Received 20 January 2016; Revised 15 May 2016; Accepted 23 May 2016

Academic Editor: Athanasios Chasalevris

Copyright © 2016 Cancan Yi et al. This is an open access article distributed under the Creative Commons Attribution License, which permits unrestricted use, distribution, and reproduction in any medium, provided the original work is properly cited.

Abstract

Variational mode decomposition (VMD) is a new method of signal adaptive decomposition. In the VMD framework, the vibration signal is decomposed into multiple mode components by Wiener filtering in Fourier domain, and the center frequency of each mode component is updated as the center of gravity of the mode’s power spectrum. Therefore, each decomposed mode is compact around a center pulsation and has a limited bandwidth. In view of the situation that the penalty parameter and the number of components affect the decomposition effect in VMD algorithm, a novel method of fault feature extraction based on the combination of VMD and particle swarm optimization (PSO) algorithm is proposed.

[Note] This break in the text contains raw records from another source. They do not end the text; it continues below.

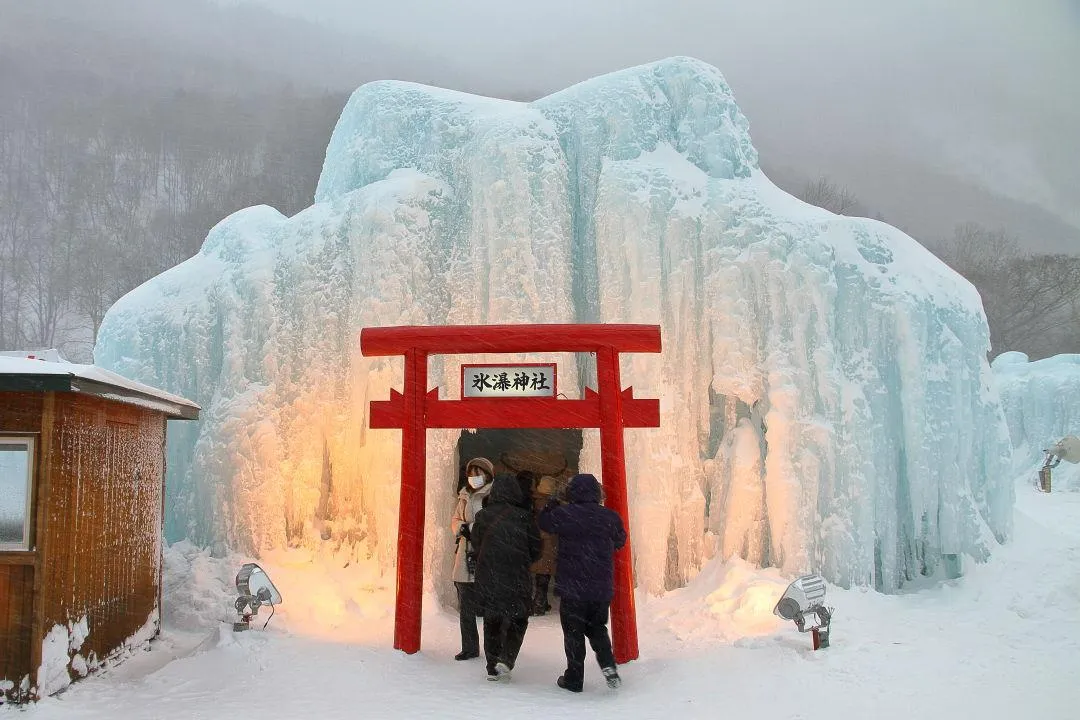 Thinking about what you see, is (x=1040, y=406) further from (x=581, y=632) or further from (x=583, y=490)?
(x=581, y=632)

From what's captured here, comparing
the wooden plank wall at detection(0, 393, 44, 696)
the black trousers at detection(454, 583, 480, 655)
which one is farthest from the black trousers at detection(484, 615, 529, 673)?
the wooden plank wall at detection(0, 393, 44, 696)

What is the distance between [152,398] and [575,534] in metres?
3.44

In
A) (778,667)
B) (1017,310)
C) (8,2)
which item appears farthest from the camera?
(8,2)

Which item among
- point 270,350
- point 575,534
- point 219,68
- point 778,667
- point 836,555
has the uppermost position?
point 219,68

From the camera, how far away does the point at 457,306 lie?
26.6 feet

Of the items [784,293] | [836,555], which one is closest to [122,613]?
[836,555]

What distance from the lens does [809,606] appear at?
5652mm

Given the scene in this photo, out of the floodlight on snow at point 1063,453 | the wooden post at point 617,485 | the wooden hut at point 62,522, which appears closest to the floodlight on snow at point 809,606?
the wooden post at point 617,485

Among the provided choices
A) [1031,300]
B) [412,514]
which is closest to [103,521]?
[412,514]

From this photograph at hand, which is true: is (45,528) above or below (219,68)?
below

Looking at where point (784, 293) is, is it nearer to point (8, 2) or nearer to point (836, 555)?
point (836, 555)

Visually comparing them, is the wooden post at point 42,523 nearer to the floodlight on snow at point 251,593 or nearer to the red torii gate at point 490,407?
the floodlight on snow at point 251,593

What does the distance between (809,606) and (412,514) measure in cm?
310

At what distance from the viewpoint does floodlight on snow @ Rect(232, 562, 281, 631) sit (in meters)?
6.00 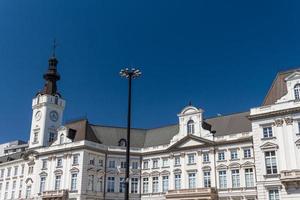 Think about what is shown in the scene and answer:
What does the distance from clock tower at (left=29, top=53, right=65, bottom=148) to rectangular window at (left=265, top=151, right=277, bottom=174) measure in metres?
46.0

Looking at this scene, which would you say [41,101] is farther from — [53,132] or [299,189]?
[299,189]

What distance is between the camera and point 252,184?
2307 inches

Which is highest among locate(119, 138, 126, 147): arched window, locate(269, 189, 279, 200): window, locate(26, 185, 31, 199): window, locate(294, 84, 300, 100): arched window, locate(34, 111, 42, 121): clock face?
locate(34, 111, 42, 121): clock face

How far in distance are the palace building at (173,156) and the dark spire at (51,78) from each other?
22 cm

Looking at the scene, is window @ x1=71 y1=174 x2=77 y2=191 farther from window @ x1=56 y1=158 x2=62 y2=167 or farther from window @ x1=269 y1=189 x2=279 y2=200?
window @ x1=269 y1=189 x2=279 y2=200

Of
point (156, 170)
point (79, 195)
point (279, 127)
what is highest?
point (279, 127)

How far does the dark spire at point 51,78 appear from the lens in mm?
84188

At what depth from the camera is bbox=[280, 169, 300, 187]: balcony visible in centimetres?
4825

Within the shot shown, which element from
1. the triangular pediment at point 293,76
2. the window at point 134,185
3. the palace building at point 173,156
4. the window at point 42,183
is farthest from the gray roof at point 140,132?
the triangular pediment at point 293,76

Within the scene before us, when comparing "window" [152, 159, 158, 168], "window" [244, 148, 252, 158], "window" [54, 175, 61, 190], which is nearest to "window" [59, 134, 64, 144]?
"window" [54, 175, 61, 190]

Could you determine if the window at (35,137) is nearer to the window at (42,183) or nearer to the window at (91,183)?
the window at (42,183)

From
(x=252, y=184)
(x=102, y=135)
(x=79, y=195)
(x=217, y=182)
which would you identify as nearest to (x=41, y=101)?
(x=102, y=135)

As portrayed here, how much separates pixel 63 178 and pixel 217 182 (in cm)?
2784

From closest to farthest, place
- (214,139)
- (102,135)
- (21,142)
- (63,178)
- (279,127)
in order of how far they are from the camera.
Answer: (279,127)
(214,139)
(63,178)
(102,135)
(21,142) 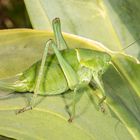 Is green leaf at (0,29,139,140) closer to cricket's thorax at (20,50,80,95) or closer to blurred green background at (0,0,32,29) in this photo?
cricket's thorax at (20,50,80,95)

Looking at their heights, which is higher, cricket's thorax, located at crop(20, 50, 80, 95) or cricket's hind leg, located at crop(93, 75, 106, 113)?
cricket's thorax, located at crop(20, 50, 80, 95)

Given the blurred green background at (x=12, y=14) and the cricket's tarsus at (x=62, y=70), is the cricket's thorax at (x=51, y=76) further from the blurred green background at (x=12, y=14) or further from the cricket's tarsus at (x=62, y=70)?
the blurred green background at (x=12, y=14)

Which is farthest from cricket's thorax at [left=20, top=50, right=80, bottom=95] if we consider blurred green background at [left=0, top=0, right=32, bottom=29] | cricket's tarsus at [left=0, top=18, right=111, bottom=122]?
blurred green background at [left=0, top=0, right=32, bottom=29]

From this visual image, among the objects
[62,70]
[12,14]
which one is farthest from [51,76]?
[12,14]

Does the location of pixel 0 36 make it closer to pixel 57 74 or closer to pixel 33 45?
pixel 33 45

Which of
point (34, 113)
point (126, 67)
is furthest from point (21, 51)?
point (126, 67)

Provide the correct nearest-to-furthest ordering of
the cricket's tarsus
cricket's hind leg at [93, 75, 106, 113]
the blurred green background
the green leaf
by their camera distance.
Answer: the green leaf
cricket's hind leg at [93, 75, 106, 113]
the cricket's tarsus
the blurred green background

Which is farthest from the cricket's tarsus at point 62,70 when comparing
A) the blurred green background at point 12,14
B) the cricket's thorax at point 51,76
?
the blurred green background at point 12,14

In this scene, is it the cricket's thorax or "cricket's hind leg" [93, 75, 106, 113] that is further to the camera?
the cricket's thorax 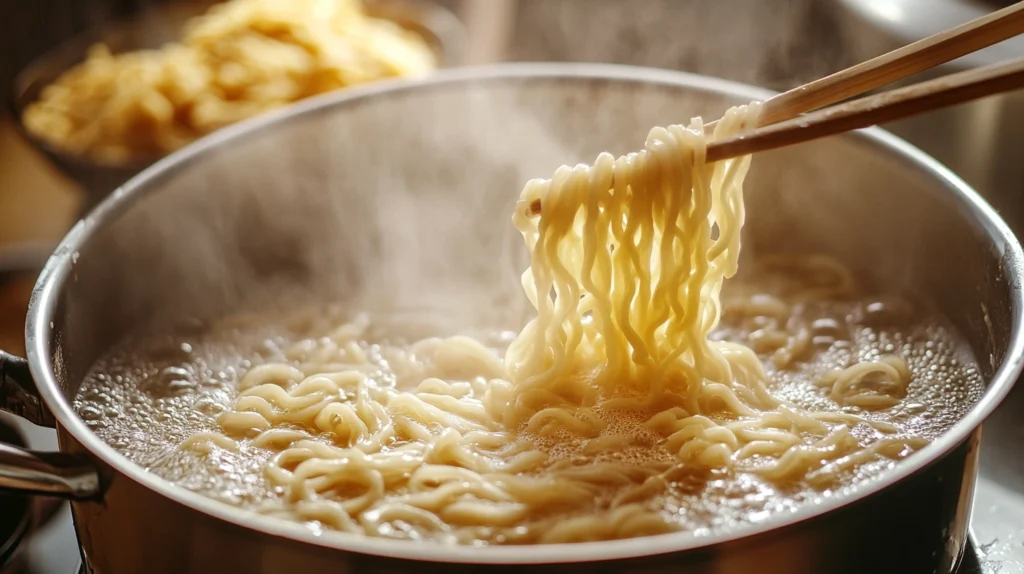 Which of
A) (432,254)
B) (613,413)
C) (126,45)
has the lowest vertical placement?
(613,413)

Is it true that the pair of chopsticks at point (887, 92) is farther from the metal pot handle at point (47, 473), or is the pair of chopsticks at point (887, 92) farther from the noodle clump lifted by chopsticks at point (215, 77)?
the noodle clump lifted by chopsticks at point (215, 77)

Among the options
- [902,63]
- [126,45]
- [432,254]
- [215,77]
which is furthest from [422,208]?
[126,45]

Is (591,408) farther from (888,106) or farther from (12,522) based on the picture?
(12,522)

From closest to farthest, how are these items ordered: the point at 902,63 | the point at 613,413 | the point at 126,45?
the point at 902,63 → the point at 613,413 → the point at 126,45

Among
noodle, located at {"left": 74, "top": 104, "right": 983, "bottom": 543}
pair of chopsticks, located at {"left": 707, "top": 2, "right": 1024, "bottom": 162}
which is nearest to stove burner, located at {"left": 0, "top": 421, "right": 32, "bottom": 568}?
noodle, located at {"left": 74, "top": 104, "right": 983, "bottom": 543}

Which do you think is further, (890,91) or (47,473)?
(890,91)

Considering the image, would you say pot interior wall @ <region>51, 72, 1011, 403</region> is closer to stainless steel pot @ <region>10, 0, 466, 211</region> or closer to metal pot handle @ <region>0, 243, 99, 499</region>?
stainless steel pot @ <region>10, 0, 466, 211</region>

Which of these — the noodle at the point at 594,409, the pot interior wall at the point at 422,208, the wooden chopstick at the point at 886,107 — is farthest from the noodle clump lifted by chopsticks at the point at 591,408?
the pot interior wall at the point at 422,208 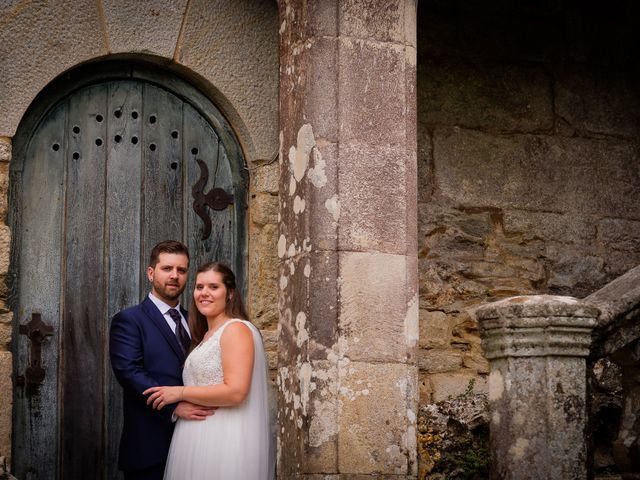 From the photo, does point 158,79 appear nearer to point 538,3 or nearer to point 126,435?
point 126,435

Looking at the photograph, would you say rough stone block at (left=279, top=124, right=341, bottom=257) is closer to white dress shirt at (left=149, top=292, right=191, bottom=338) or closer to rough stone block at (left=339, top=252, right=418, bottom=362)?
rough stone block at (left=339, top=252, right=418, bottom=362)

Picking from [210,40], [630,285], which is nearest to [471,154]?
[210,40]

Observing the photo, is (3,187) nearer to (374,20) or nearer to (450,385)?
(374,20)

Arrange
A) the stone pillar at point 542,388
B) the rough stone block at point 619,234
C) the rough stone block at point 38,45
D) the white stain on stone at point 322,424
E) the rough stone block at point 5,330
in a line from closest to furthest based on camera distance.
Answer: the stone pillar at point 542,388 → the white stain on stone at point 322,424 → the rough stone block at point 5,330 → the rough stone block at point 38,45 → the rough stone block at point 619,234

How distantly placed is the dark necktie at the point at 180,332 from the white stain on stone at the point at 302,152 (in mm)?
840

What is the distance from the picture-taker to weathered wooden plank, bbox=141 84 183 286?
5.82 metres

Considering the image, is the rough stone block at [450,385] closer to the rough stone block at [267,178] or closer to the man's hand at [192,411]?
the rough stone block at [267,178]

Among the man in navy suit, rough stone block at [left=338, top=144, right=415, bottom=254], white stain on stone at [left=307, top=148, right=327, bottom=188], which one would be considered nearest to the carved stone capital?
rough stone block at [left=338, top=144, right=415, bottom=254]

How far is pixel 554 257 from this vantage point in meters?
6.70

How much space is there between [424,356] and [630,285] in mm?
1944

In this paper, the numerical simulation and the measured fault signals of the rolling bearing experiment system are analyzed by the proposed method. The results indicate that the proposed method is much more robust to sampling and noise. Additionally, the proposed method has an advantage over the EMD in complicated signal decomposition and can be utilized as a potential method in extracting the faint fault information of rolling bearings compared with the common method of envelope spectrum analysis.